Les négociations d’Évian : la diplomatie algérienne au service de la paix (3e partie)

Par Mostefa Zeghlache, ancien diplomate

III- Les négociations d’Évian du 7 au 18 mars 1962 : la voie de la paix
Nombreux ont été les problèmes rencontrés en mai-juin 1961 à Évian et à avoir été aplanis par les entretiens secrets qui ont eu lieu aux Rousses, dans le Haut-Jura, du 11 au 18 février 1961, et la rencontre publique qui s’est tenue à Lugrin, en Haute-Savoie, du 20 au 25 juillet 1961. Ces deux rencontres constituent une phase décisive aux négociations finales d’Évian de mars 1962.
Dans son éditorial du 19 juillet 1961, El Moudjahid, organe d’information du FLN, annonce la reprise des négociations à Lugrin le 20 juillet et rappelle que la délégation du GPRA qui «s’était opposée à cette suspension, et cela dans l’intérêt même de la paix, s’apprête à reprendre les négociations avec la ferme volonté de les voir aboutir».(1)
La question de l’avenir du Sahara et les richesses de son sous-sol figuraient en tête des enjeux de la négociation, mais la justesse de la cause défendue, la fermeté et la constance de la position des délégués du GPRA ont été déterminantes dans l’assouplissement de la position de la France à cet égard en accédant à l’exigence algérienne d’inclure les régions sahariennes dans la mise en œuvre du processus d’autodétermination à la même date et dans les mêmes conditions que dans le reste du territoire national.
C’est ainsi que lors de la première séance de négociations à Lugrin, Joxe (I- 20.07.61) déclarait que «pour la France, l’autodétermination des populations algériennes doit s’exercer sur l’étendue des 13 départements algériens». Il ajoute, tout de même, qu’«il faut que les ressources du sous-sol saharien profitent à l’Afrique et en première ligne à l’Algérie, étant entendu que nos intérêts doivent être sauvegardés…»(2)
Afin de contrecarrer le projet français de l’«ensemble saharien» devant inclure plusieurs pays de la région, le GPRA adresse aux États africains, le 30 juin 1961, un mémorandum dans lequel il s’inscrivait en faux «contre la thèse (française) qui fait du Sahara une «res nullis» (la chose de personne, en latin) avant de devenir de souveraineté française et rappelait que «l’objectif fondamental du peuple algérien est de se voir restituer l’ensemble de son territoire tel qu’il était délimité en 1954. Les questions de rectification des frontières qui se posaient entre l’Algérie et certains pays frères voisins ne pouvaient se régler valablement, durablement et fraternellement qu’avec une Algérie souveraine et indépendante et non pas avec la puissance coloniale qui n’avait nul droit de conclure des accords au nom de l’Algérie»(3).
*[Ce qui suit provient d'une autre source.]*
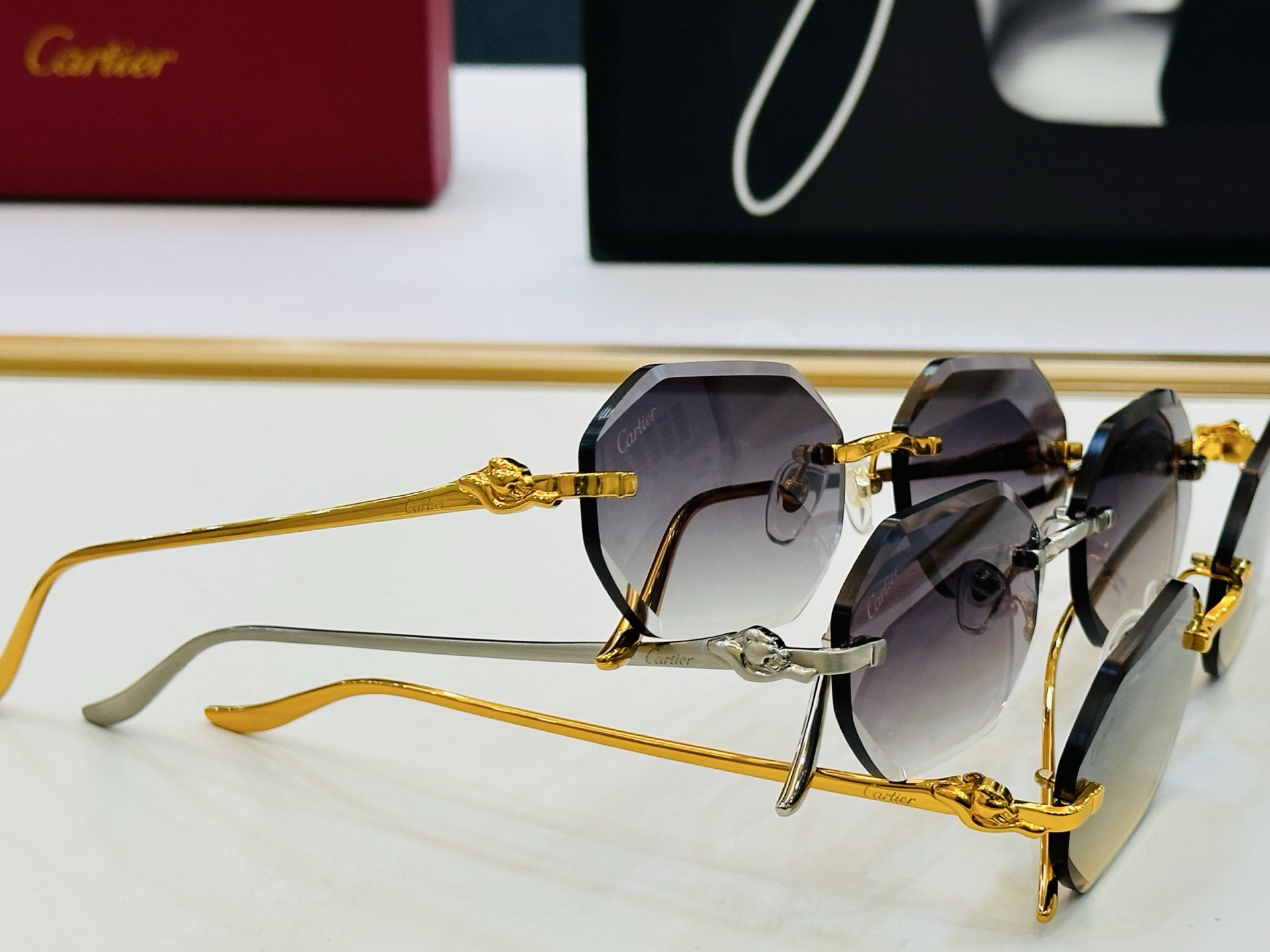 Cartie* 卡家 CT0922S 太阳镜 Size：57口18-142 工艺精湛气质十足！X男女同款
Une telle initiative ne pouvait, et c’était prévisible, faire plaisir aux autorités françaises.
À Lugrin (I -21.07), Krim répondait aux critiques françaises sur l’initiative du mémorandum du GPRA en ces termes : «On ne peut reprocher au GPRA d’avoir pris contact avec les pays riverains du Sahara pour défendre les intérêts de l’Algérie et réaffirmer sa position africaine. Vous ne le pouvez d’autant qu’après nous avoir reproché d’ignorer les pays riverains, vous nous reprochez de prendre contact avec eux.» Dahlab (IV 25.07) ajoute plus incisif : « Sur le problème de souveraineté (sur le Sahara), nous ne pensons pas que les pays riverains aient donné mandat à la délégation française pour revendiquer la souveraineté sur le Sahara algérien… Si les pays riverains ont des revendications à formuler, demain ils les adresseront au gouvernement algérien.»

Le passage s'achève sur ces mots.